Mechanical and Aerospace Engineering, University of Florida, Gainesville, Florida, USA.
Physical Therapy, Boston University, Boston, Massachusetts, USA.
Br J Sports Med. 2023 Aug;57(16):1018-1024. doi: 10.1136/bjsports-2022-106142. Epub 2023 Mar 3.
To (1) develop and evaluate a machine learning model incorporating gait and physical activity to predict medial tibiofemoral cartilage worsening over 2 years in individuals without advanced knee osteoarthritis and (2) identify influential predictors in the model and quantify their effect on cartilage worsening.
An ensemble machine learning model was developed to predict worsened cartilage MRI Osteoarthritis Knee Score at follow-up from gait, physical activity, clinical and demographic data from the Multicenter Osteoarthritis Study. Model performance was evaluated in repeated cross-validations. The top 10 predictors of the outcome across 100 held-out test sets were identified by a variable importance measure. Their effect on the outcome was quantified by g-computation.

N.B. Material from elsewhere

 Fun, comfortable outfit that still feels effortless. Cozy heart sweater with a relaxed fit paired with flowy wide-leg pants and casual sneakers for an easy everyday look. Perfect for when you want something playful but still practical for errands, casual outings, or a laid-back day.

Of 947 legs in the analysis, 14% experienced medial cartilage worsening at follow-up. The median (2.5-97.5th percentile) area under the receiver operating characteristic curve across the 100 held-out test sets was 0.73 (0.65-0.79). Baseline cartilage damage, higher Kellgren-Lawrence grade, greater pain during walking, higher lateral ground reaction force impulse, greater time spent lying and lower vertical ground reaction force unloading rate were associated with greater risk of cartilage worsening. Similar results were found for the subset of knees with baseline cartilage damage.

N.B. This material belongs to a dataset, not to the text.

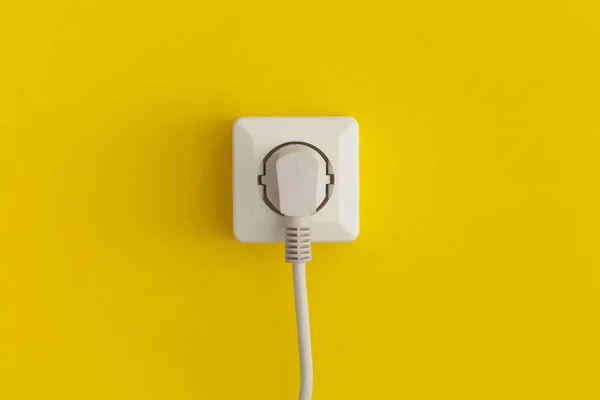 White Plastic Power Socket Yellow Background 로열티 프리 스톡 이미지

A machine learning approach incorporating gait, physical activity and clinical/demographic features showed good performance for predicting cartilage worsening over 2 years. While identifying potential intervention targets from the model is challenging, lateral ground reaction force impulse, time spent lying and vertical ground reaction force unloading rate should be investigated further as potential early intervention targets to reduce medial tibiofemoral cartilage worsening.
(1)开发并评估一种纳入步态和身体活动的机器学习模型,以预测无晚期膝骨关节炎个体在 2 年内内侧胫骨股骨软骨恶化情况;(2)识别模型中的重要预测因子,并量化它们对软骨恶化的影响。
从多中心骨关节炎研究中的步态、身体活动、临床和人口统计学数据中开发了一个集成机器学习模型,以预测随访时的 MRI 骨关节炎膝关节评分恶化。在重复交叉验证中评估模型性能。通过变量重要性度量在 100 个预留测试集中确定了 100 个结果的前 10 个预测因子。通过 g 计算量化它们对结果的影响。
在分析的 947 条腿中,14%在随访时出现内侧软骨恶化。在 100 个预留测试集中,中位数(2.5-97.5 分位)的接收器操作特征曲线下面积为 0.73(0.65-0.79)。基线软骨损伤、较高的 Kellgren-Lawrence 分级、行走时疼痛增加、更大的外侧地面反作用力脉冲、更多的卧床时间和较低的垂直地面反作用力卸载率与更大的软骨恶化风险相关。在基线软骨损伤的膝关节亚组中也发现了类似的结果。
纳入步态、身体活动和临床/人口统计学特征的机器学习方法在预测 2 年内软骨恶化方面表现出良好的性能。虽然从模型中确定潜在的干预靶点具有挑战性,但外侧地面反作用力脉冲、卧床时间和垂直地面反作用力卸载率应作为潜在的早期干预靶点进一步研究,以减少内侧胫骨股骨软骨恶化。